At the line with "Sysax FTP Automation Landing Page", start transcribing; stop after the last line of the data below. Keep it exact and leave pictures out.

Start of Block

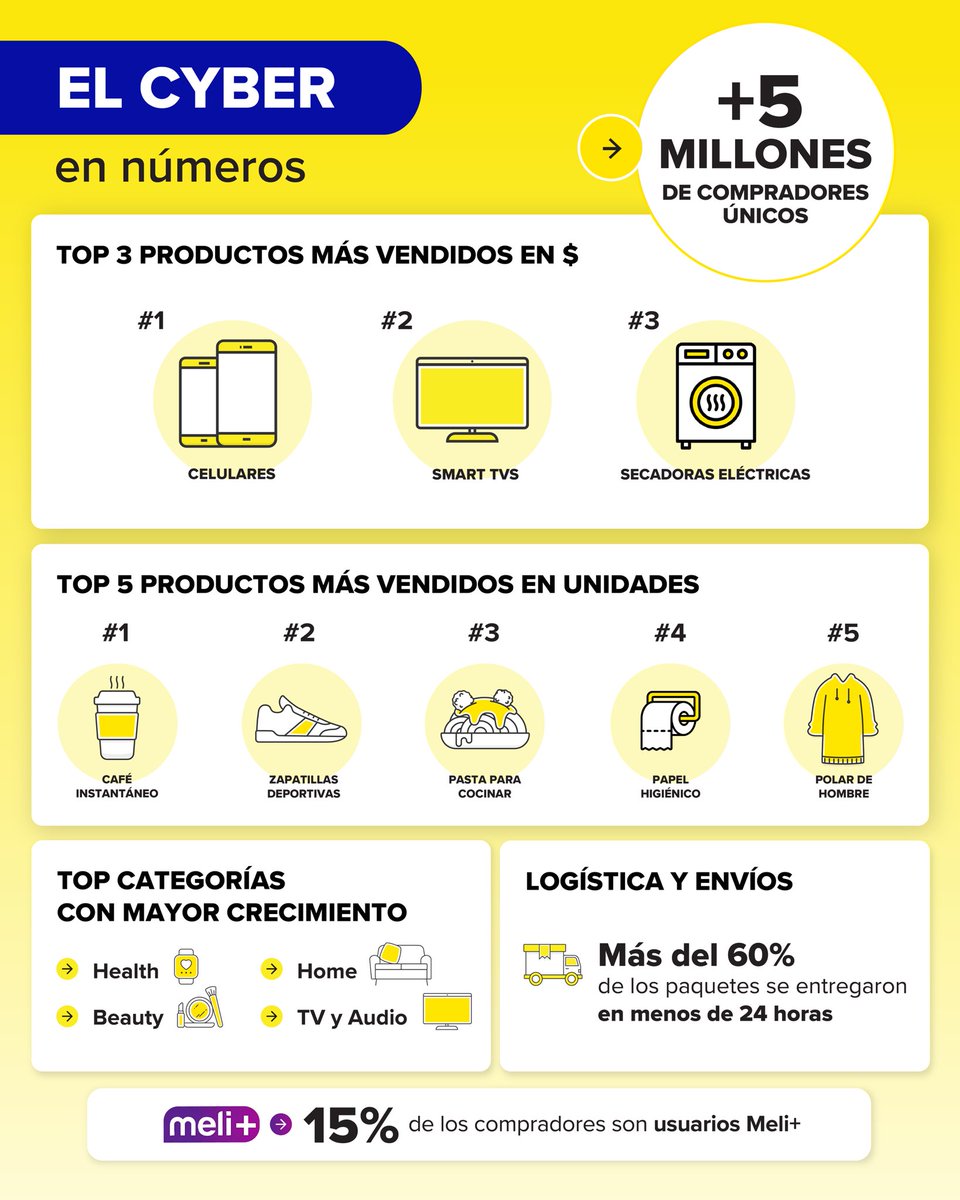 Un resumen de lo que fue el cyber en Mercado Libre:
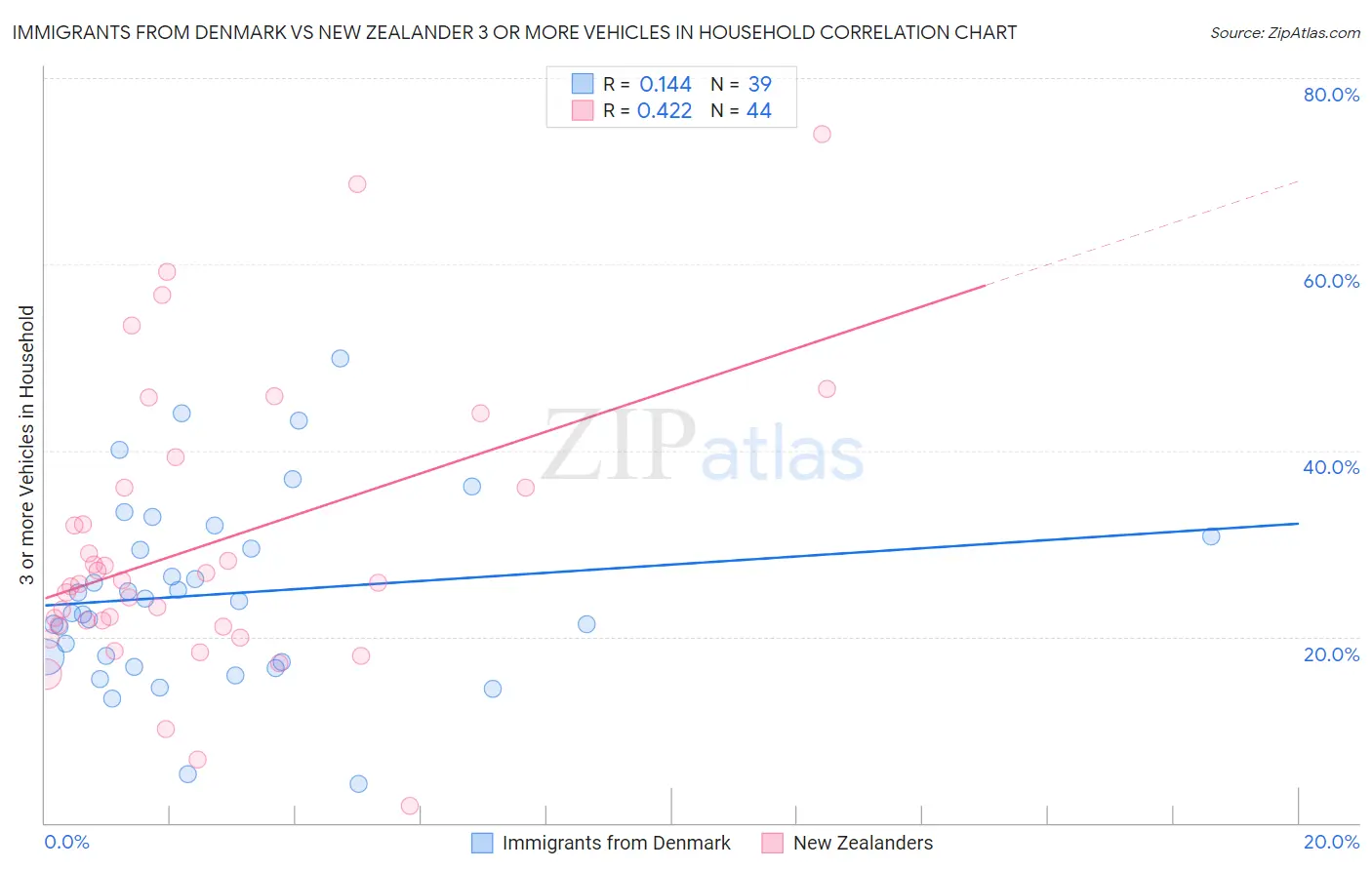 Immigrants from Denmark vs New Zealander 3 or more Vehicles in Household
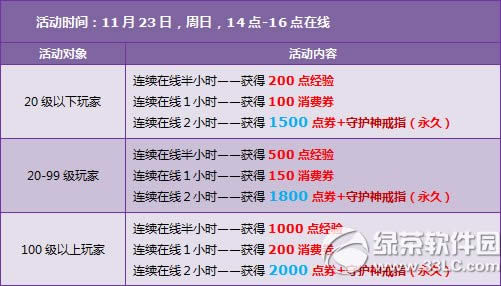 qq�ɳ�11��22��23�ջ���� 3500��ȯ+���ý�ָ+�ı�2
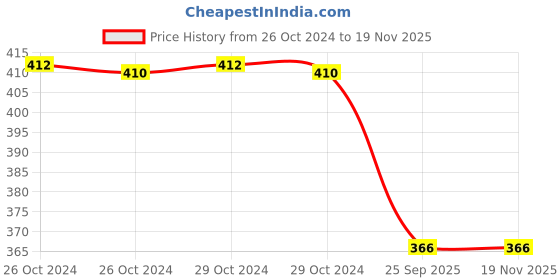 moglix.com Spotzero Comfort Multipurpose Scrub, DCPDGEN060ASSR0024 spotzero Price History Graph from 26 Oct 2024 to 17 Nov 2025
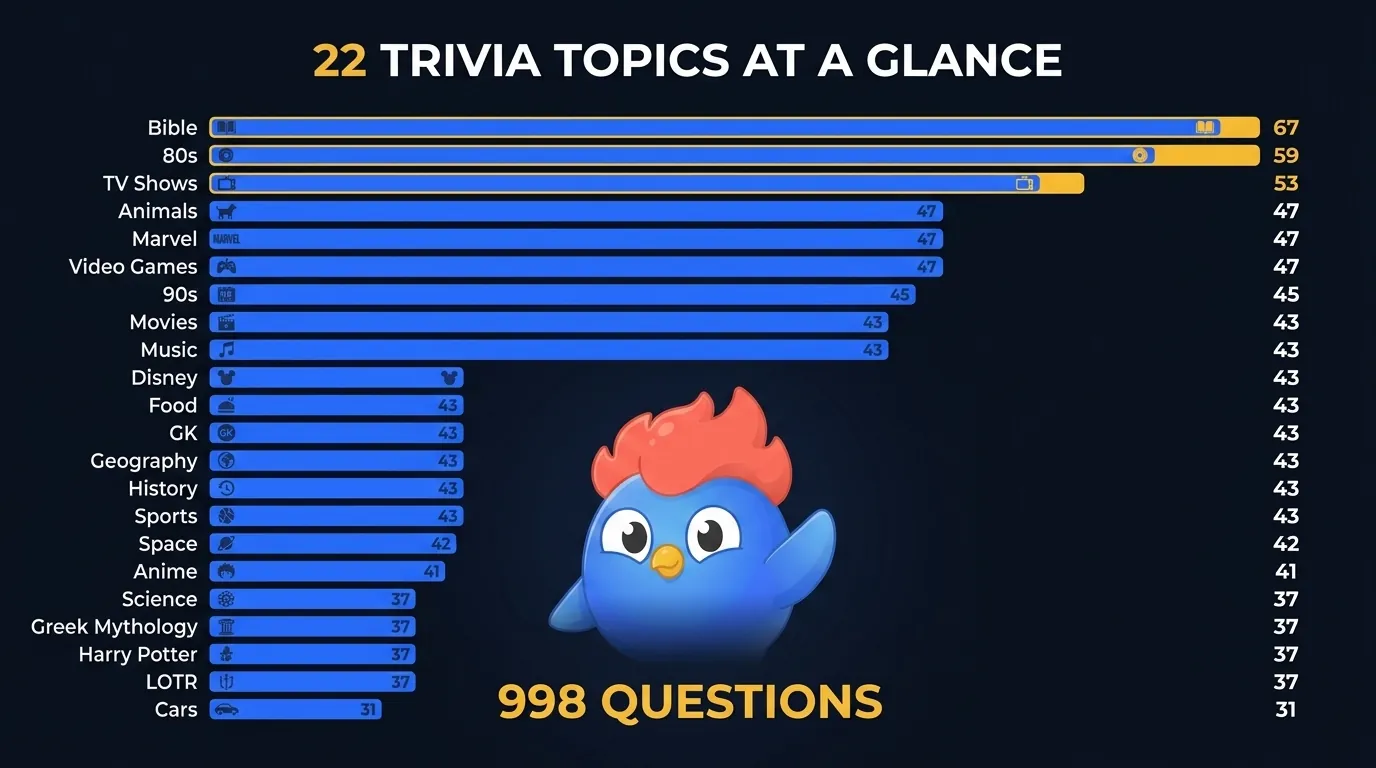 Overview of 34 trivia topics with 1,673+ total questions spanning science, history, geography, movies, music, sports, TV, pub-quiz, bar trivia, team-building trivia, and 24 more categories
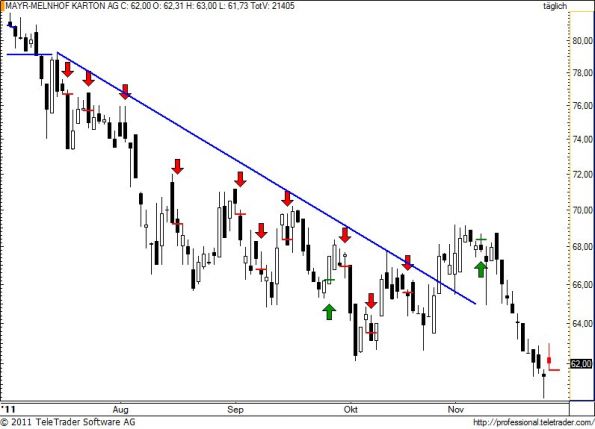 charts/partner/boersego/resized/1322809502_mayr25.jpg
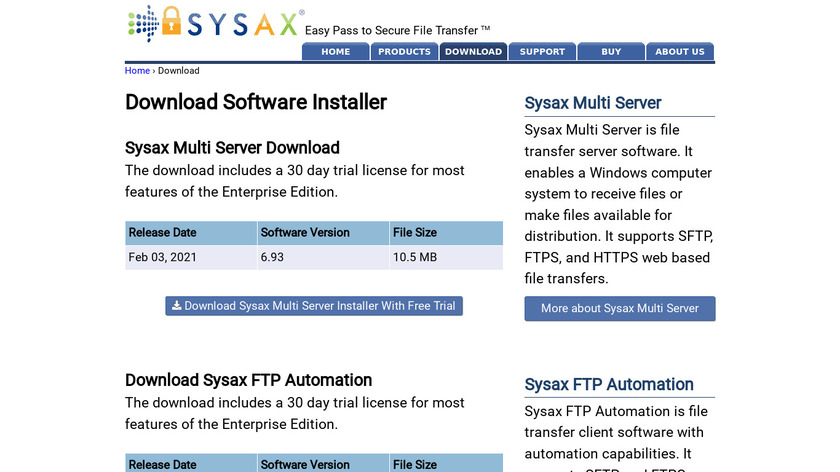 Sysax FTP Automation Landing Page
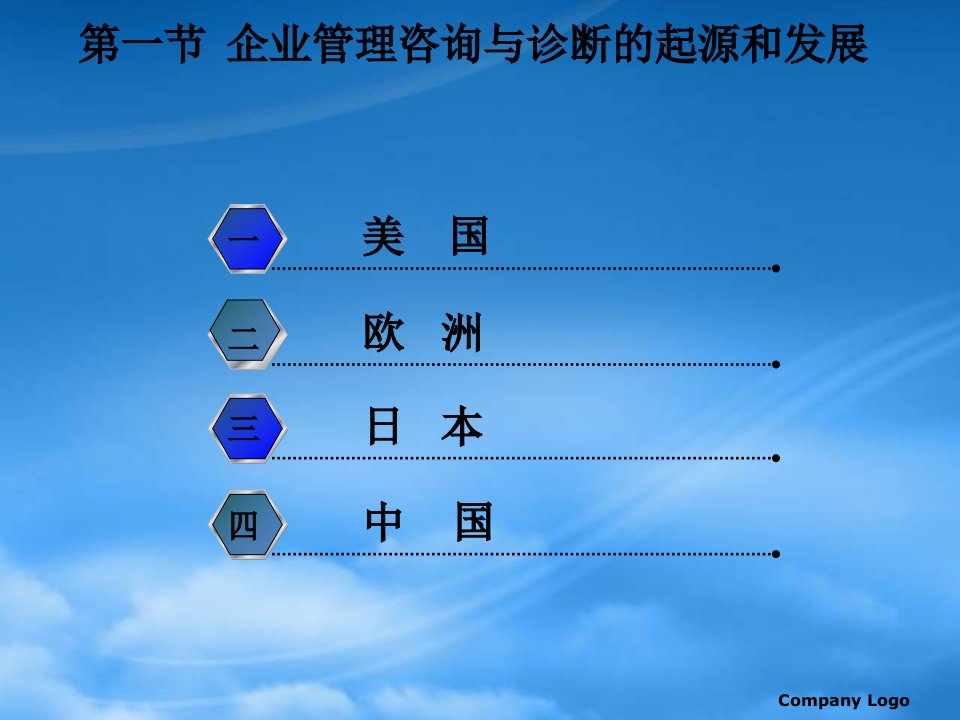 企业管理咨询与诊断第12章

End of Block

▶ **Finished task**:
 Sysax FTP Automation Landing Page
 企业管理咨询与诊断第12章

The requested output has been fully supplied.